→ **THE DATA**:
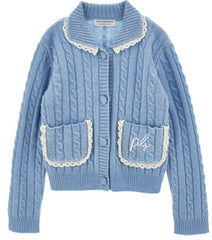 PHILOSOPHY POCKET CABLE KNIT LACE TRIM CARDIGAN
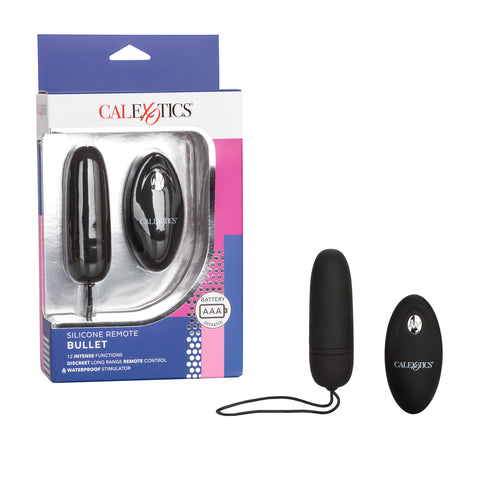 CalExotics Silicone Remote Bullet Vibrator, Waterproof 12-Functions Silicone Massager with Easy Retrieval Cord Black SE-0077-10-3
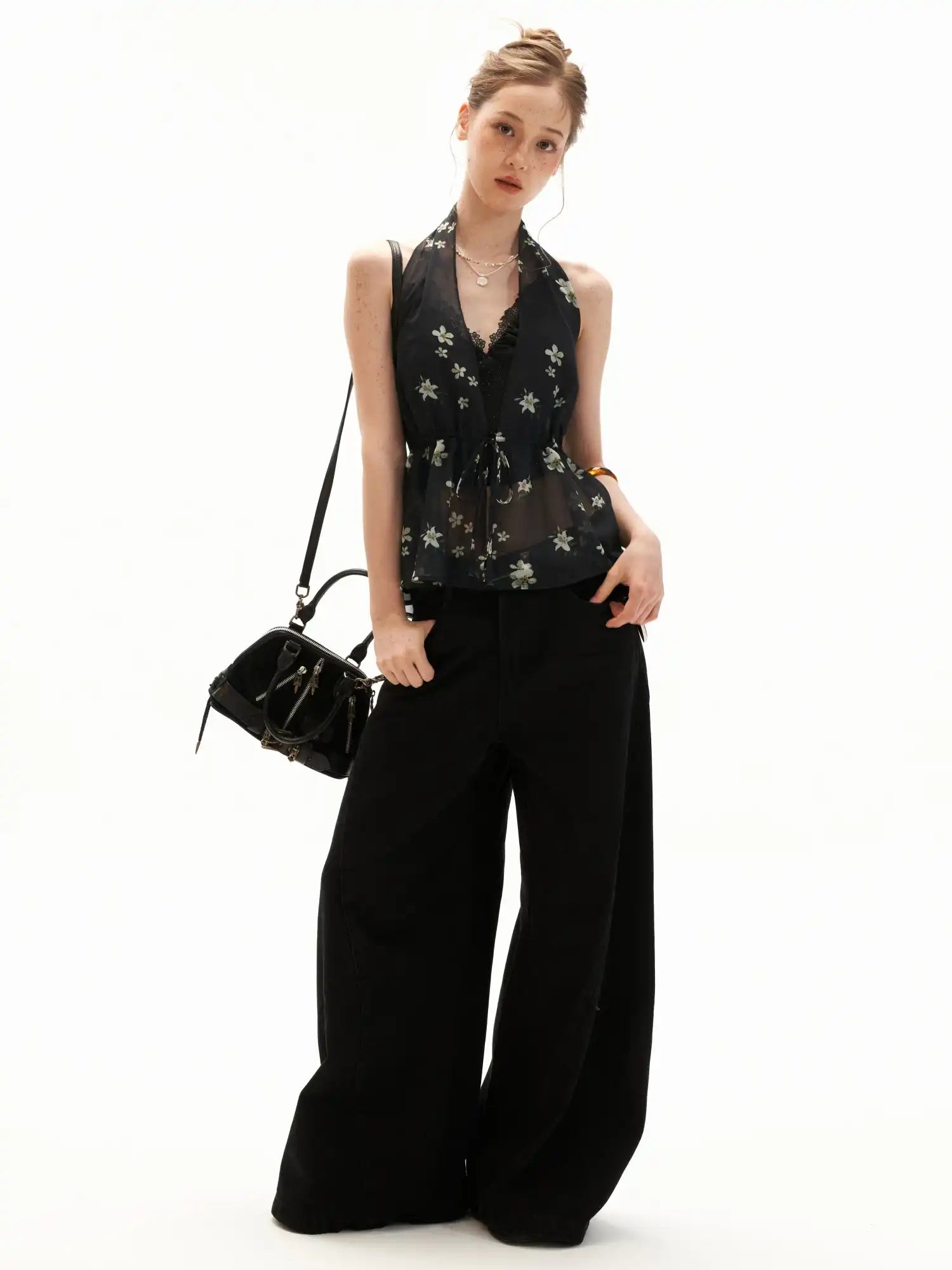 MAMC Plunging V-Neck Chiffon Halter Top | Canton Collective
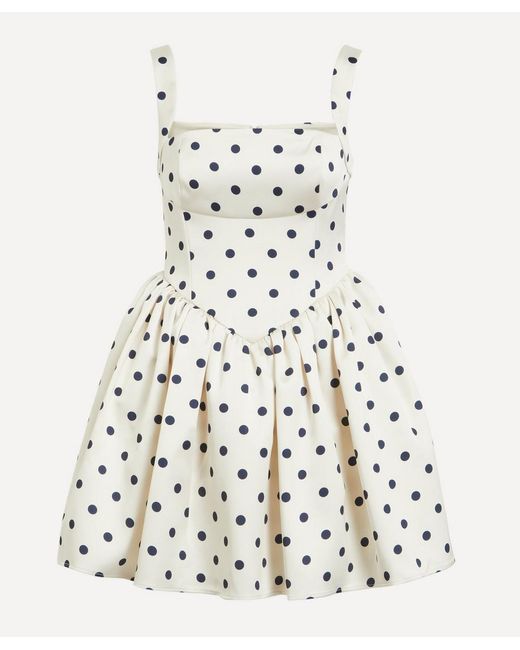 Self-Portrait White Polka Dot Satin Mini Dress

→ **ASSIGNED TASK**:
The reply should contain all of the data above, word for word, with no pictures.

→ **RESULT OF THE TASK**:
 PHILOSOPHY POCKET CABLE KNIT LACE TRIM CARDIGAN
 CalExotics Silicone Remote Bullet Vibrator, Waterproof 12-Functions Silicone Massager with Easy Retrieval Cord Black SE-0077-10-3
 MAMC Plunging V-Neck Chiffon Halter Top | Canton Collective
 Self-Portrait White Polka Dot Satin Mini Dress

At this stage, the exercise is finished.